Images: (top left) HESS: High-performance Earth System Simulator, a 768-core cluster run by ARC for Profs. King and Zhou; (top right) isosurface of temperature from a creeping convection calculation in a spherical shell applicable to the interior of Mercury (see King, 2008); (left) schematic view of the interior of the Earth.

Geodynamics: At the pressures and temperatures of planetary interiors, silicate rocks deform by creeping viscous flow. In the Geodynamics Group at Virginia Tech we are trying to understand questions such as why does Earth have plate tectonics while other planets do not?; what is the fate of  subducting slabs?; what is the cause of intraplate volcanism?; how have the Earth and other planets changed through time?

So why do planets deform?  Ultimately the energy that drives plate motions on Earth, mountain building and volcanic activity comes from the cooling of the interior.

How do we study planets?

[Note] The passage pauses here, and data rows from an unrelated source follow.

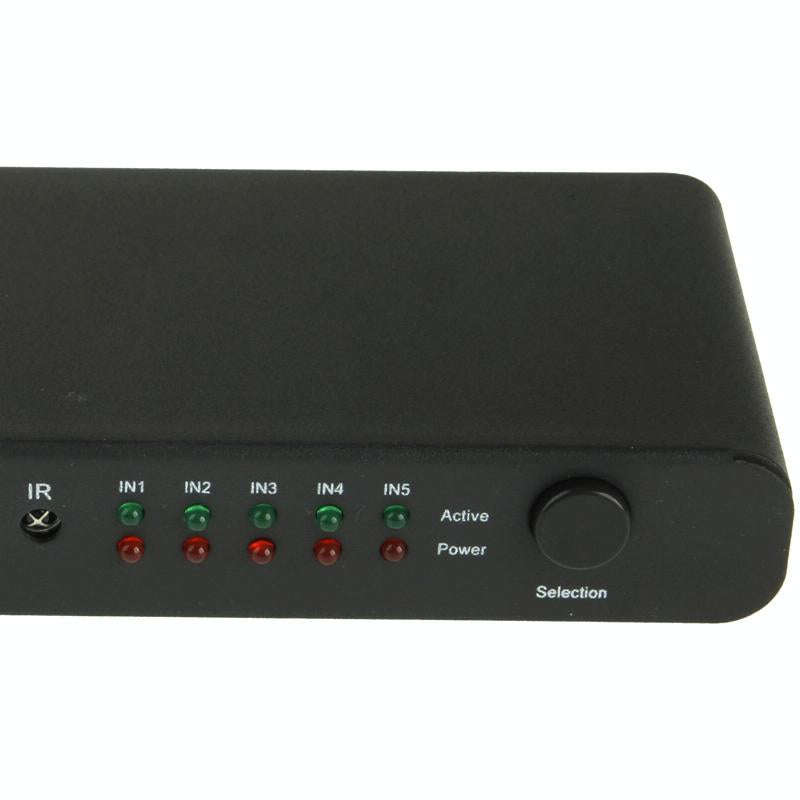 Full HD 1080P 5 Ports HDMI Switch with Remote Control & LED Indicator(Black)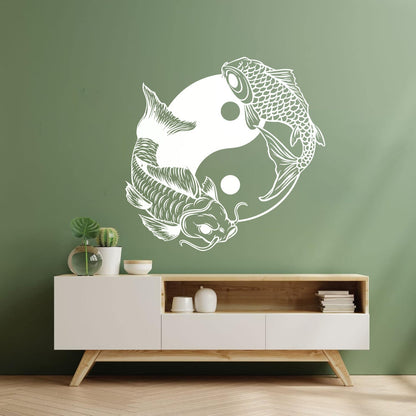Engraving Decals Couple Fish Chinese Goldfish Yin Yang Symbol Waterproof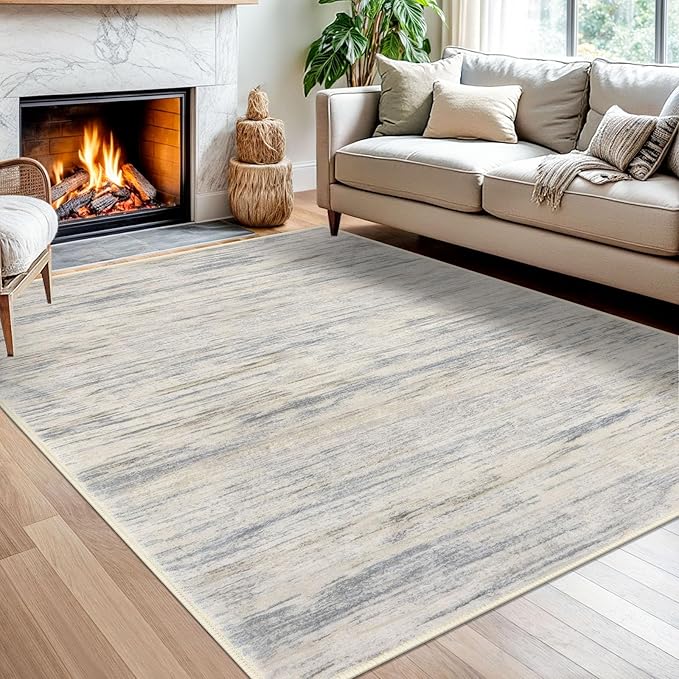 5x7 Modern Area Rug for Bedroom, Gray Beige Neutral Multi Large Gray Beige Neutral Multi Super Soft Rug with Non-Slip, Non-Shedding Rugs for Living Room, Indoor Door Mat for Home Décor
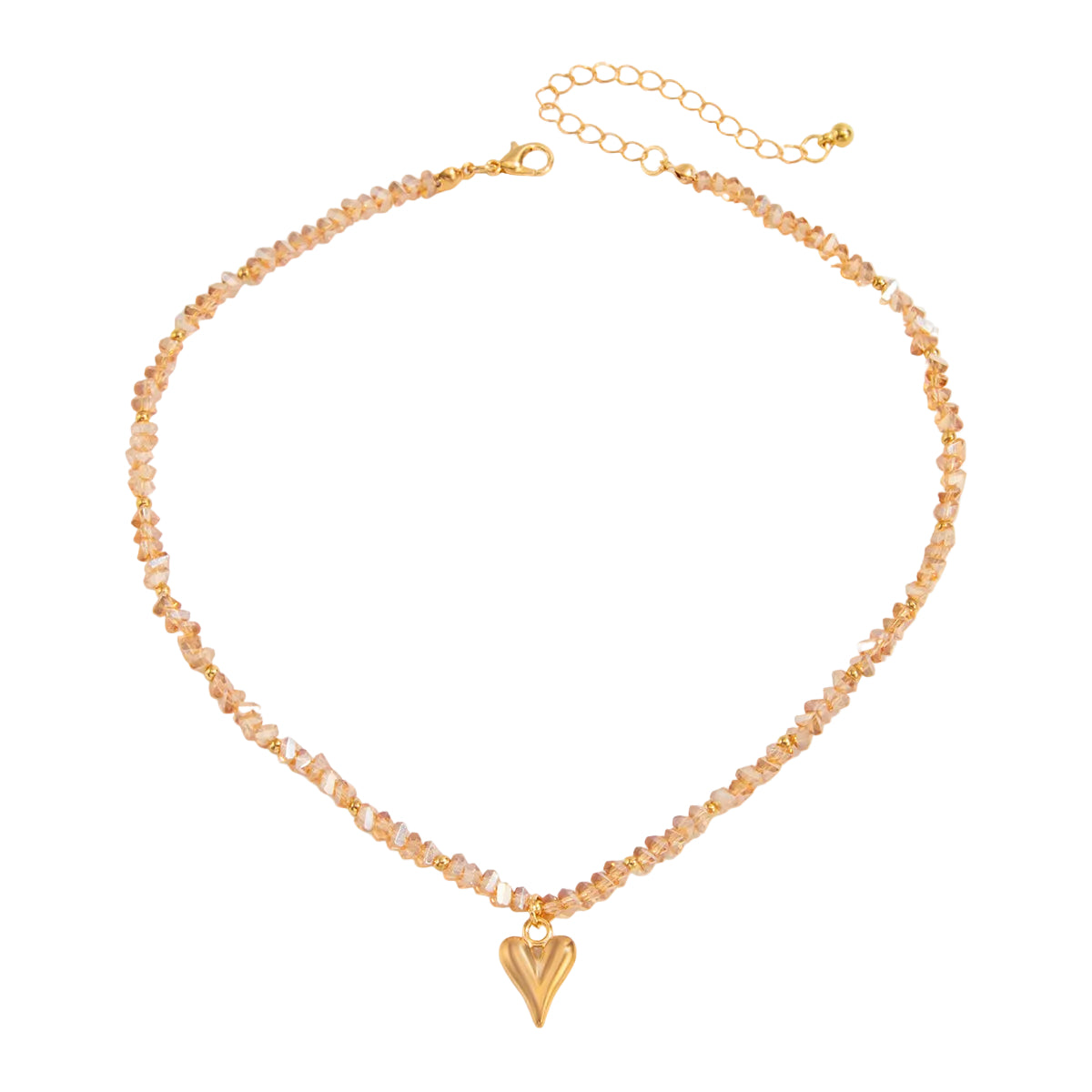 Champagne Acrylic and Goldtone Heart Pendant Necklace, botanical inspired, front view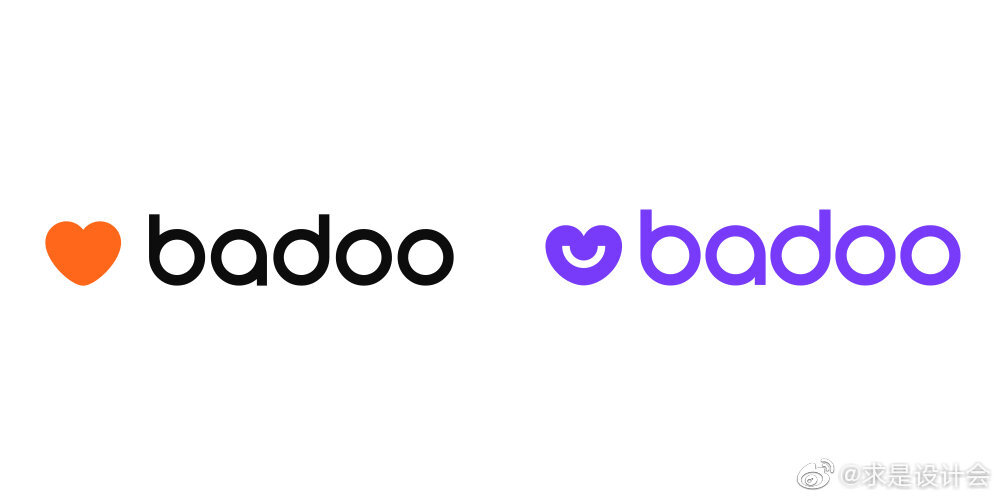 知名约会交友社交平台 Badoo 再次更换新 LOGO。#求是爱设计#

The computer is our research laboratory and we use mathematical and numerical models to understand how motions within the planet, driven by buoyancy due to cooling, cause surface deformation, volcanism, and in the case of Earth, drive plate tectonics.  The observations we use to test these models include: gravity, seismic velocity anomalies, topography, heat flow, volcanism, plate motions, geochemical anomalies, and electromagnetic fields.

This is a challenging interdisciplinary research endeavor that requires collaboration with many other researchers in earth and planetary science.